Never a priority.

 

Dear Diary, Never a priority, a sentence that everyone doesn't want to hear or even wish to face . Being a priority means life to some people .it's like a game everyone is trying to be the winner of someone's attention . I myself used to join the game, but never won the trial and later on I realized that not everyone should join such a competition; you can be one of the audience only . I tried to win some people's attention including the closest to my soul and my mind but none of them was interested in letting me win . So, I gave up not just on gaining those people's attention or care, but gave up on gaining anything as if am no longer interested in anyone's attention. I might not fully got rid of the "gaining thing" but I lost interest, not hope. I truly wonder sometimes why we try to gain what we can't have, and people who do care about us their endeavours aren't noticeable. Life isn't fair at all, but lord all I wanted was love, care, a hug, and maybe a small glass of wine to try . I want a hug, I really do . Having a hug to me means attention, and that you are here .. to hug . How arms can change our mood, how can I just fall in love with anyone who gives me a long, tight hug . Hugs make me joyful but sad at the same time .. because I have no one to hug not even my mother, so I hug my pillow every single night; it's not so perfect but it works for now.

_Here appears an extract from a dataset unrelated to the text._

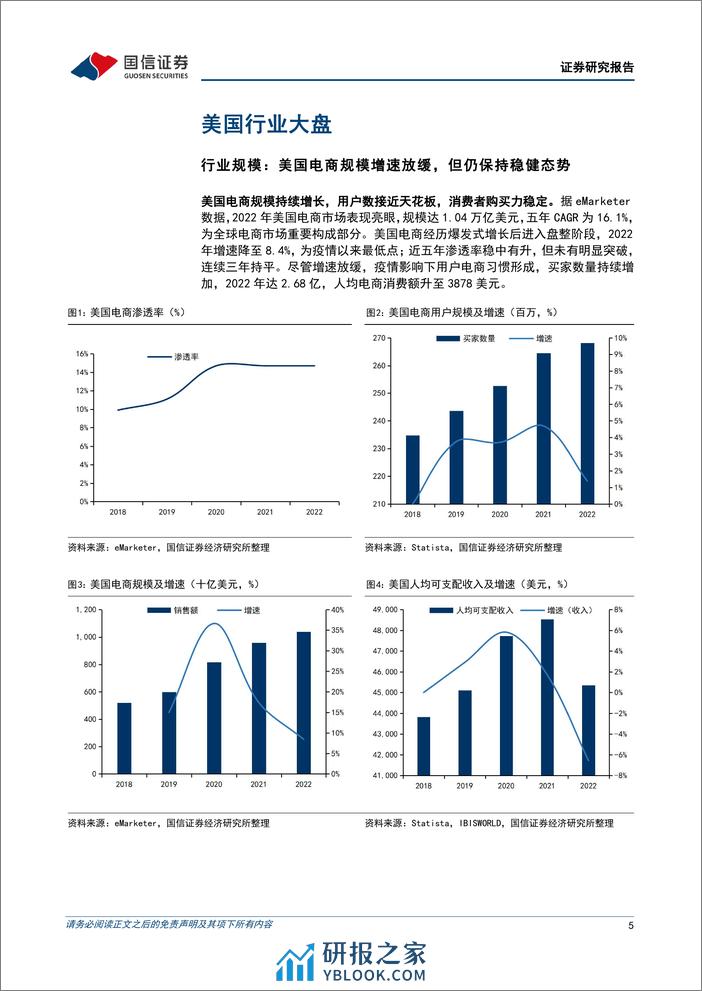 美国电商行业深度：新兴跨境电商快速扩张，Amazon等头部电商平台下沉市场份额承压 - 第5页预览图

When my professor hugged me tightly,I felt good to the extent that I wanted to cry out of pleasure because again I never get hugs . She told me how great my work was, and how talented I am , she thanked me endlessly for the joy I brought to her through the work I've done . For a second, I closed my eye unconsciously I simply loved being hugged . I was truly amazed how a person who doesn't know me can make me warmed by such feelings that my own soul could feel . I love hugs, but I never get hugged but I will be looking at the bright side . Not being hugged made me appreciate every single hug I receive, and that's the slight goodness of deprivation.